The first time I crossed paths with North Highlands was when I ran into their guitarist Mike Barron the night before they were set to play with one of my favorite new bands, Snowmine. He helped me navigate the horrors of the infamously under-repair G train that night. However, I actually ended up missing their set the following day as I had to leave early, and it wasn’t until last week when I suddenly listened to one of their tracks on a whim.
That whim may have changed my whole winter. Indeed, though North Highlands draw their name from a deserted part of California, ı voice almost embodies winter. Howling and brightly dark in all the right ways, she leads the band’s marching, circuitous progression of sound with conviction and beauty.
This record swings back and forth between lean rock n roll and orchestral fullness with the ease of a trapeze artist. The use of strings on tracks like ‘Chicago’ are so heart-wrenching – meshing well with Malvini’s voice, which is itself string-like, sharp and crisp, but poignant.
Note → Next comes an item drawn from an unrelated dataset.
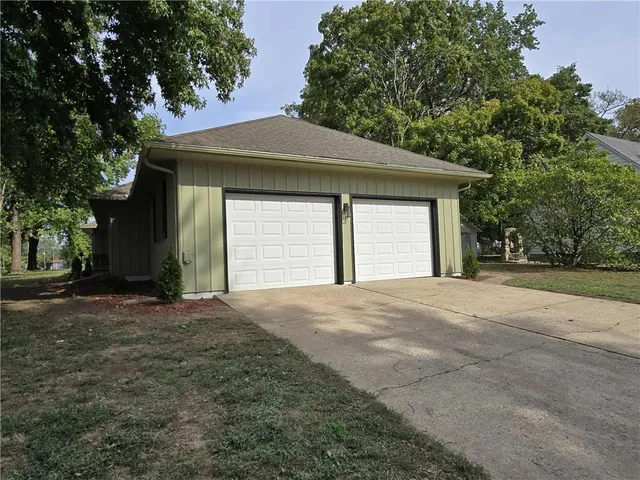 $287,500 | 514 South Main Street, Clinton, MO 64735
Lyrically the album encompasses youthful wanderings, struggles and dreams. On album-opener ‘Bruce’ – possibly the strongest track on the record – she nearly tearfully sings the vow “When it gets warm I’ll be better to you/ Stuck in my head, stuck in my head”. This song muses through the process of mourning and seeking comfort. Hypnotic repetition of phrases backed by guitar loops and piano create a musical cycle that leaves me mesmerized.
This same passionate lyrical delivery occurs in ‘Benefits’ as Malvini vows “Work I promise to work/ I promise to work/ I promise to pay it all of.” The repetition of the basic verbs in this song, like “work” “eat” and “grow” reveal the inner heart of the track, it is a song about the smallest acts and how they build themselves into the bulk of our lives and how important these mundane, basic actions are when carried out by someone we love.
Her vocals achieve the ethereal urgency of St. Vincent on tracks like ‘Salty’ and are similar to early Florence Welsh, Malvini’s voice often assumes a life of its own. The advantage that North Highlands have over even the most brilliant Florence + The Machine tracks, however, is the fullness of the band backing their lion-hearted vocalist. Many groups with an excellent vocalist rely too heavily on this strength, but the other members of North Highlands are by no means peripheral; their sound is balanced and full. In the midst of the track ‘Steady Steady’ I realized that as much as I love the vocals, the track would still completely hold my attention if it was instrumental. The multiple guitarists, bass, drums and all weigh in with an insistence and excellence that is rare in such a young band.
This is a band that has clearly done their homework, alternating vocal choruses reminiscent of ’60s girl groups with complex ’70s stylized guitar work, ultimately creating a sound that is decidedly contemporary, and decidedly stunning.